(Task inputs Opens)

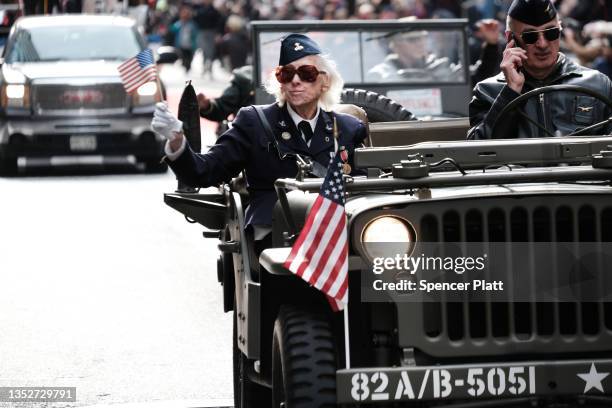 Military, police, high school bands and others march in the Veterans Day Parade on November 11, 2021 in New York City. After being canceled last year...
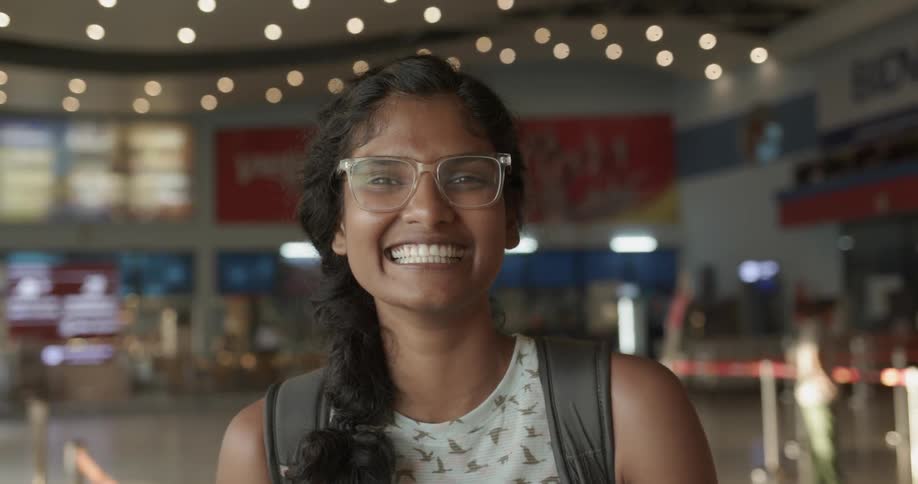 A woman is smiling broadly as she stands inside in daylight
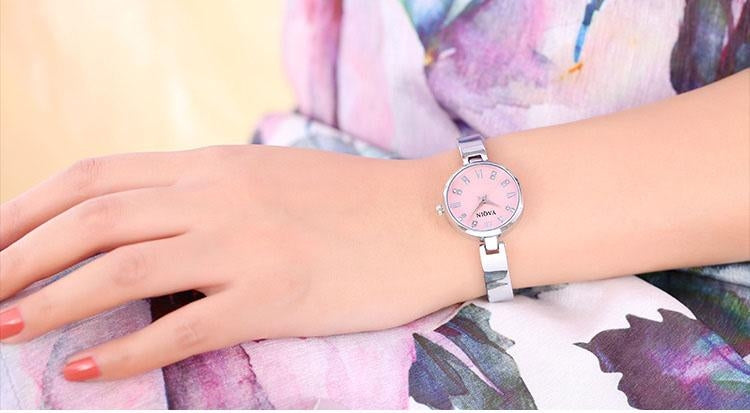 YAQIN Rhinestone & Roman Number Small Simple Round Dial Women Quartz Watch with Alloy Band(White)
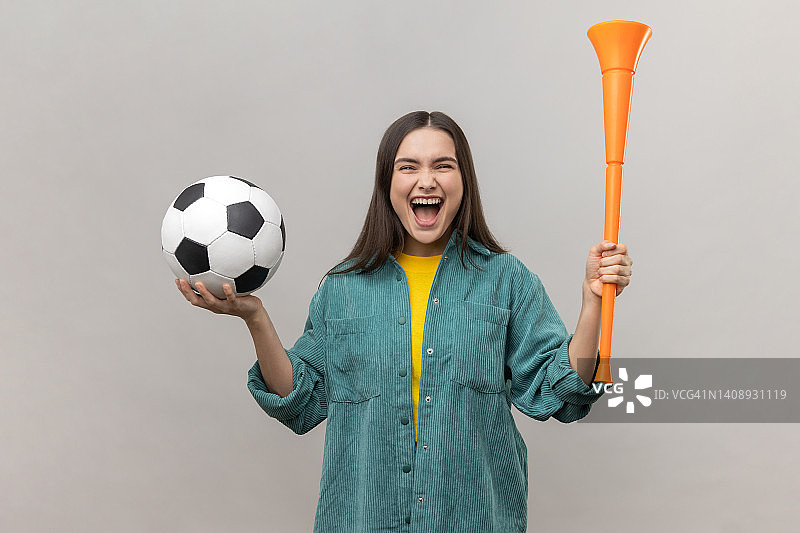 女人拿着扩音器和足球，高兴地尖叫，支持最喜欢的足球队。图片素材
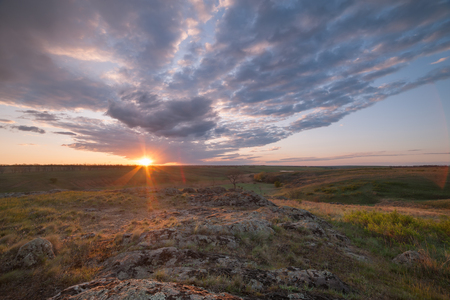 Sunrise over valley with clouds and sun, spring landscapeの写真素材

(Task inputs Closes)

→ Work instructions: Images in the data above are to be skipped. Retype all other material exactly.

→ The completed task:
 Military, police, high school bands and others march in the Veterans Day Parade on November 11, 2021 in New York City. After being canceled last year...
 A woman is smiling broadly as she stands inside in daylight
 YAQIN Rhinestone & Roman Number Small Simple Round Dial Women Quartz Watch with Alloy Band(White)
 女人拿着扩音器和足球，高兴地尖叫，支持最喜欢的足球队。图片素材
 Sunrise over valley with clouds and sun, spring landscapeの写真素材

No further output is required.